B2B'de Marka Değerinin Önemi
B2b'de marka değeri yaratmak, müşterilerin zihninde güçlü bir algı yaratıp, sistemli ve tutarlı biçimde bunu devam ettirmekten geçer. Bir markaya bir değer atfedebilmek için öncelikle markanın geçmişini bilmelisiniz. Markanın adının ve çağrışımlarının müşteri zihninde oluşturduğu değerleri bilmek, gelecek için temel bir öngörü yaratabilir. Logo, isim veya sloganın yanı sıra ürünün kalitesi, hizmetin güvenilirliliği ve maddi değeri gibi her şey insanların marka ile ilgili algılarını oluşturur. Ardından bir adım daha ileri gidip, marka değerine mali bir değerde eklenmelidir. En iyi reklam kampanyaları dahi, var olmayan bir şeyi sıfırdan yaratamaz. Eğer, bir şirket 'markalama' konusunu kavrayamamış, dış dünyaya uzak ise söz konusu şirketin derin etkiler bırakması neredeyse imkansızdır.

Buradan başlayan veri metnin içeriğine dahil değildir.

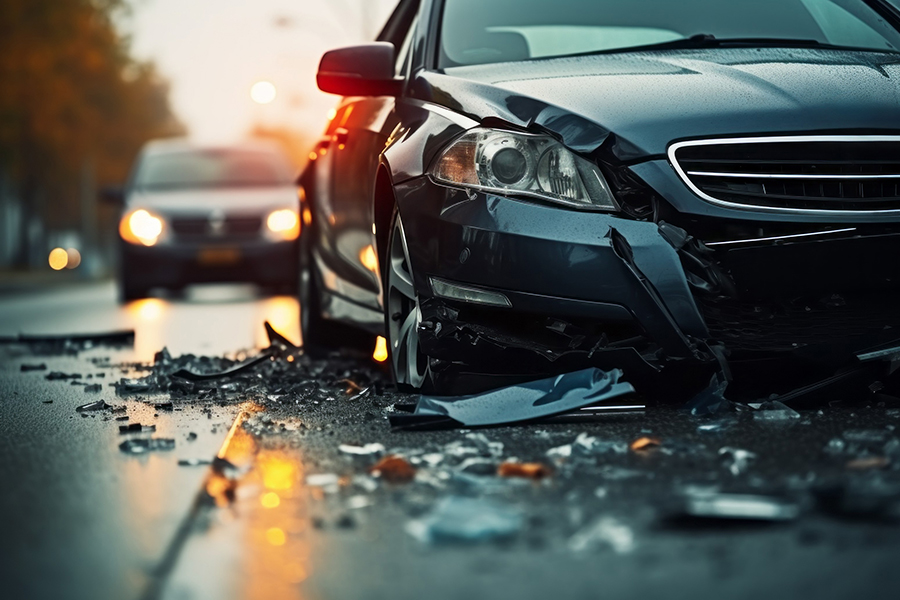 Broken car in an accident.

Müşteriler, şirketinizin sergilediği tutumu nasıl algılıyor? Temel sorulardan birisi de budur. Markalama, tutarlı ve açık olmalıdır. Kurum hedefi anlatılan bir dolu yazı çizi ve yanında tasarımcılara çizdirilen, bolca para akıtılan reklamlarla etkin bir marka yaratılamaz. Markalar hiçbir zaman durağan da olamazlar, daima gelişip, değişirler. Bu herşeyin olduğu gibi markaların da doğasında vardır. Elbette bu gelişim ve değişimi 'kendi haline' bırakmamalısınız. Eğer sürece müdehale etmezseniz, uzun soluklu başarılar elde etmek neredeyse imkansızlaşır.

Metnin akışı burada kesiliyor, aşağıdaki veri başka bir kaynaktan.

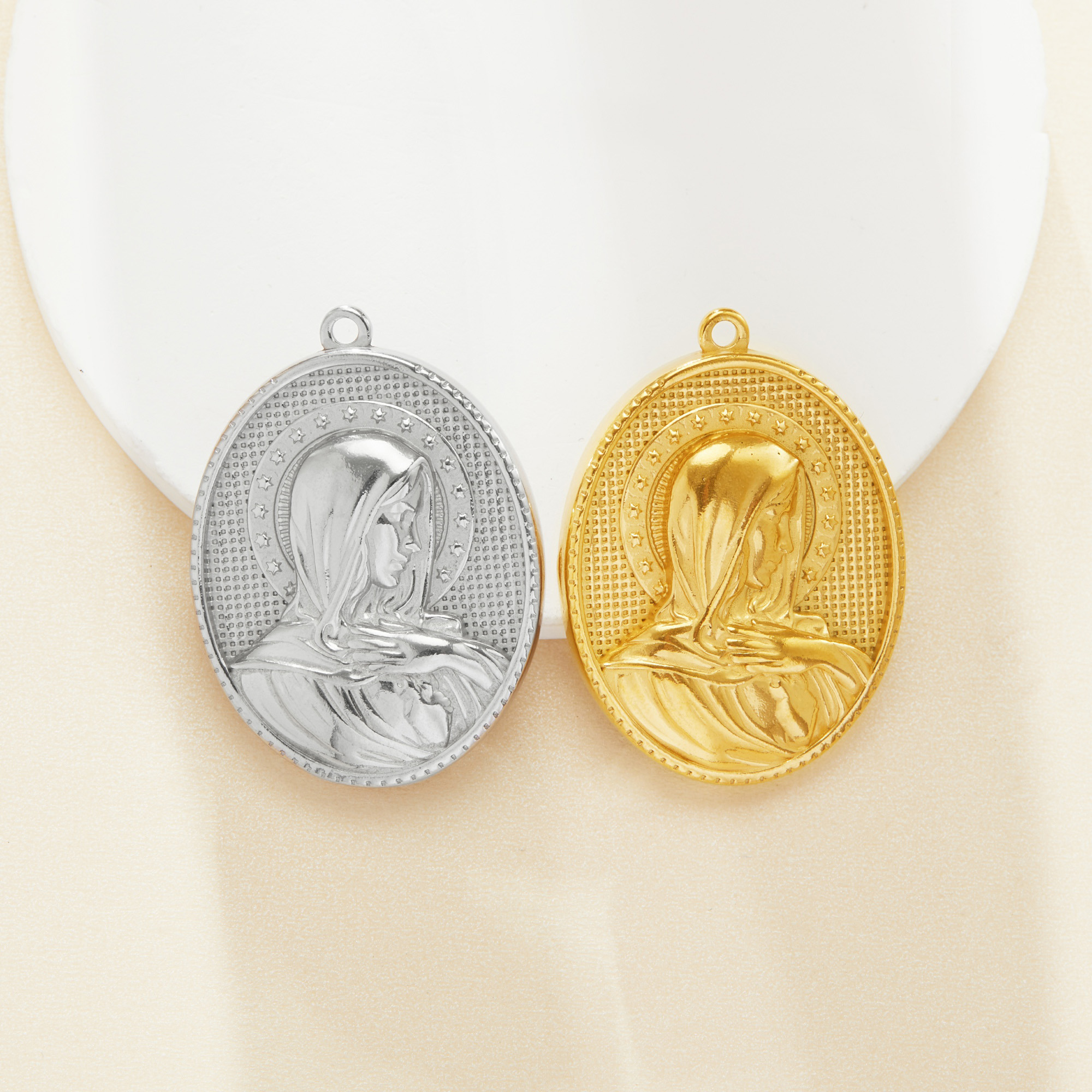 Virgin Mary Oval Pendant Charm,Mother of God Madonna Vintage Styles Oval Pendant Charm,DIY Pendant Charm Supplies 1431556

B2b'de marka değeri yaratmak için tüm marka portföyü incelenerek marka gücünün belirlenmesi gerekmektedir. Markanın anlamını daha da derinlemesine anlayabilmek için bir araştırmaya da girişmek gereklidir ki, bu sonradan gelecekte oluşturmak istediğiniz marka değerine giden stratejileri yaratmanızı kolaylaştıracak ip uçları verecektir. Genelde şirketler bu tip araştırmaları 'daha objektif' olduğu gerekçesiyle profesyonel araştırma şirketlerine yaptırırlar ki bu aslında doğru bir karar olabilir.

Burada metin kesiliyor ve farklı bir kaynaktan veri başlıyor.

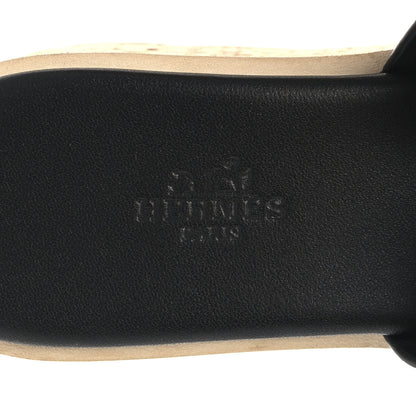 Hermes Calfskin Cork Eze 30 Sandals 36 Black 9 of 9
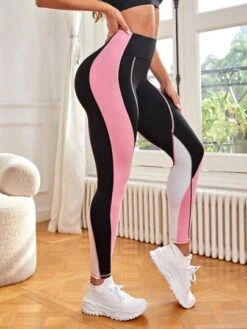 SHEIN Colorblock Wideband Waist Top-stitching Sports Leggings -Gym Chic Wear 1688526922d055808ebef587d143082f18ecea007e thumbnail 405x552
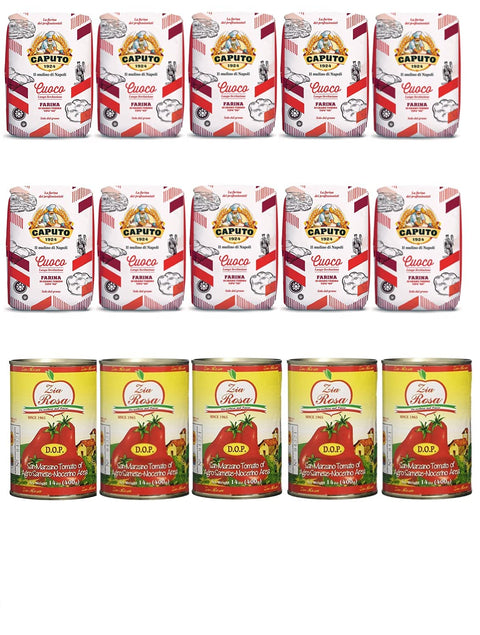 Molino Caputo Testpaket Caputo Cuoco Pizzamehl Mehl ( 10 x 1 Kg ) + Zia Rosa DOP Pomodoro San Marzano Tomate dosen ( 5x 400 g ) italienisch Original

Starbucks, Cafe Crown veya Cafe Nero'yu ele alalım. Aslında temelde bu 3 marka da aynı işi yapmaktadır. Ancak yaratıkları değerler farklıdır. Bu değer, onlara 'rekabet avantajı' sunmaktadır. Ancak günümüzde sahip oldukları marka niteliklerini yaptıkları her şeye işleyen markaların sayısı bir elin parmaklarını geçemiyor. Bunu başarabilmek adına gereken stratejileri daha sonraki yazımda paylaşmaya devam edeceğim.